After talking about shit to do in the fall in SF, a friend suggested I steal a car and head down Arata's Pumpkin Farm in Half Moon Bay.  While this place has been around since the Depression and likely known to everyone who has spent years in the Bay Area, it was new to me and a bunch of other transplant losers.  So after a night of drinking crappy beer and lackluster pizza, we hauled ass down the coast to what has to be the closest to an authentic New England pumpkin farm I've seen.  A petting zoo!  Sword fights!  A haunted barn! Pumpkins!  A maze!  Statues of King Kong!  Feral cats!  Goats!  Overpriced produce!  Adult-onset diabetes!

Admittedly the maze (not pictured because all my pictures just look like bales of hay) wasn't incredibly hard, half of the attractions were not open until October, and they didn't have kegs of Pabst or indoor bicycle parking, but it was still a quality trip out of the city.

  

  

The petting zoo was full of goats, a cow with a sore of the back of its head, a bunny, and a bunch of bird.

This cat is a real asshole.

I guess they sell pumpkins.

After leaving the pumpkin farm, we stopped off at Moss Beach to look at starfish and seals and shit.  “Walking down to the beach, I briefly step on a wide and flat rock covered in sand.  It was soft and had a bounce to it.  It was a dead seal.” - @tpaz

Comments (4)

What a fun post. I would note that you were about two weeks early. Its all much better on a cool fall day, not an indian summer casino scorcher.

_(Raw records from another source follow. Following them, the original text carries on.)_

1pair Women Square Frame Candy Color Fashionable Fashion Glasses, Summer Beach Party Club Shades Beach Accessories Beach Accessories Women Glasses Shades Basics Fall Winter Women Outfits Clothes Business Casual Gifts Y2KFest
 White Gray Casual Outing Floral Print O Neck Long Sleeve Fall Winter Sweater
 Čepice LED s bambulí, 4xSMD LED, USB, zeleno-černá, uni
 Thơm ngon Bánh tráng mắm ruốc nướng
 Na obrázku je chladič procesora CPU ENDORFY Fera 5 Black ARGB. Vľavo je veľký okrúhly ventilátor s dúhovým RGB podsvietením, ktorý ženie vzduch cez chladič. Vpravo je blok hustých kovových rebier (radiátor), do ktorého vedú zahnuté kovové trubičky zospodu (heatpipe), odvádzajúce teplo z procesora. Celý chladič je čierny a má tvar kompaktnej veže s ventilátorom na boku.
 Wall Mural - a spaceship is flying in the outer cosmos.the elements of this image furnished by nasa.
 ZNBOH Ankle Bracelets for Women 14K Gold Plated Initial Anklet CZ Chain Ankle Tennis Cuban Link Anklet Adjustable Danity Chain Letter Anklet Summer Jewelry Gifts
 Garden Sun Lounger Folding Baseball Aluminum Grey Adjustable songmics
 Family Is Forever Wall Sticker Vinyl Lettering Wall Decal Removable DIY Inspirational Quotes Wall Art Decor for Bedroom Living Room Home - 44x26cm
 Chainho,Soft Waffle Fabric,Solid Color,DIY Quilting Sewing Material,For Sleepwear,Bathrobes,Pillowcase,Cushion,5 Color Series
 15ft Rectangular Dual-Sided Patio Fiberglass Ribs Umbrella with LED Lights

I found this maze to be extremely difficult. The owner bet me my entrance fee that I could not solve the labryinth in under 15 minutes. After 30 minutes, he sent his son in to lead me out. Rather than guide me, he walked atop the hay walls and belittled my sense of direction until I managed to find the exit. The Greeks have a stubborn leaning towards impenetrable materials for the contruction of mazes, unlike the English (me) who build them from hedges. Also, don’t take a girl here on a first date unless you’re certain navigation is not criteria for a second date.

I did the maze on a full moon last year. It was amazing. No pun intended.